Na początku drugiego seta skuteczne ataki przeplatały się z zepsutymi zagrywkami. Lubinianie zanotowali jednak kilka bloków, co dało im dwupunktowe prowadzenie na pierwszym regulaminowym czasie. W końcowej fazie seta goście znacznie przyspieszyli tempo i wygrywali już 21:17. Trener jastrzębian wykorzystał 2 przerwy, jednak na nic się to zdało i podopieczni Gheorghe Cretu wyrównali wynik w całym spotkaniu.
Podrażnieni przegraną w poprzedniej partii gospodarze rozpoczęli trzeciego seta od prowadzenia i konsekwentnie je utrzymywali. Nie pomogły przerwy na żądanie trenera z Lubina, ponieważ to gospodarze byli lepsi. Ostatecznie partia zakończyła się wynikiem 25:23 dla drużyny Jastrzębskiego Węgla.

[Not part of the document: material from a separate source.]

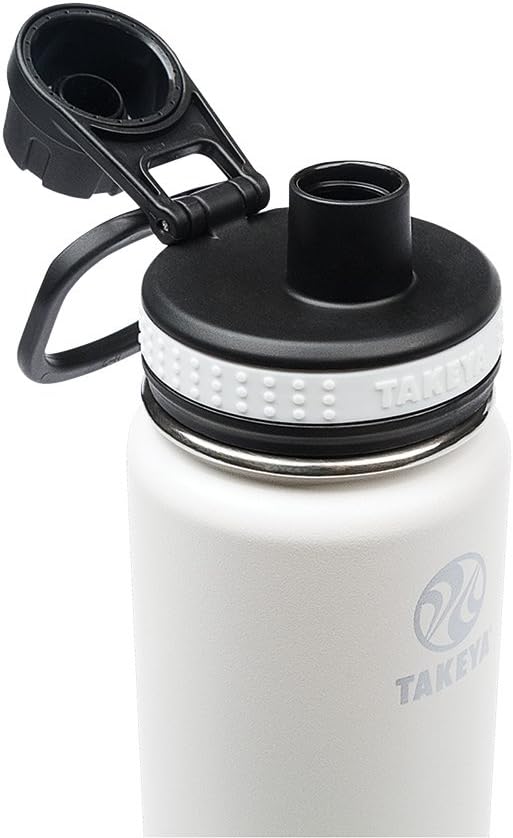 Takeya Originals 18 oz Vacuum Insulated Stainless Steel Water Bottle with Spout Lid, White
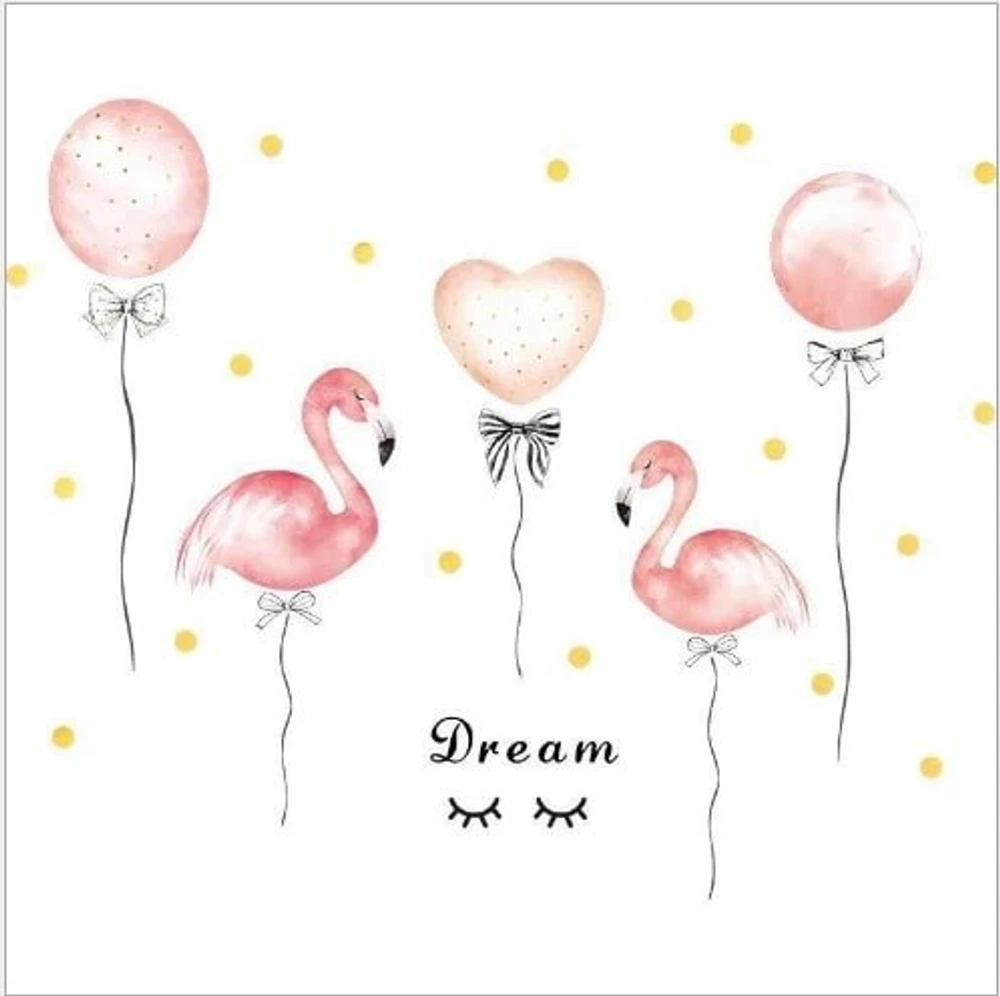 Decal dán tường hồng hạc và bong bóng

Czwarty set był naprawdę bardzo wyrównany, a zawodnicy wymieniali mocne uderzenia. Do połowy partii żadna z drużyn nie potrafiła zbudować prowadzenia wyższego niż 2 punkty. Dopiero od stanu 14:14, lubinianie zaczęli odskakiwać rywalom. Skutecznymi atakami popisywał się Marcel Gromadowski, 2 bloki dołożył do tego Dmytro Paszycki i na tablicy pojawił się wynik 20:15 dla gości. Nie pomogła podwójna zmiana w ekipie gospodarzy, bowiem lubinianie po raz drugi w tym meczu doprowadzili do wyrównania wyniku.
Ostatnia partia decydowała o wszystkim – zarówno o wygranej, jak i awansie do półfinału, dlatego obydwie drużyny wyszły na boisko maksymalnie zmobilizowane. Siatkarze grali punkt za punkt, jednak to lubinianie popełnili kilka błędów własnych, co zaważyło na wyniku. Gospodarze natomiast nie zanotowali w tym secie ani jednej pomyłki, co umożliwiło im wygranie całego meczu, jak i awans.
MVP: Michał Masny
Jastrzębski Węgiel – Cuprum Lubin 3:2 (25:12, 20:25, 25:23, 20:25, 15:11)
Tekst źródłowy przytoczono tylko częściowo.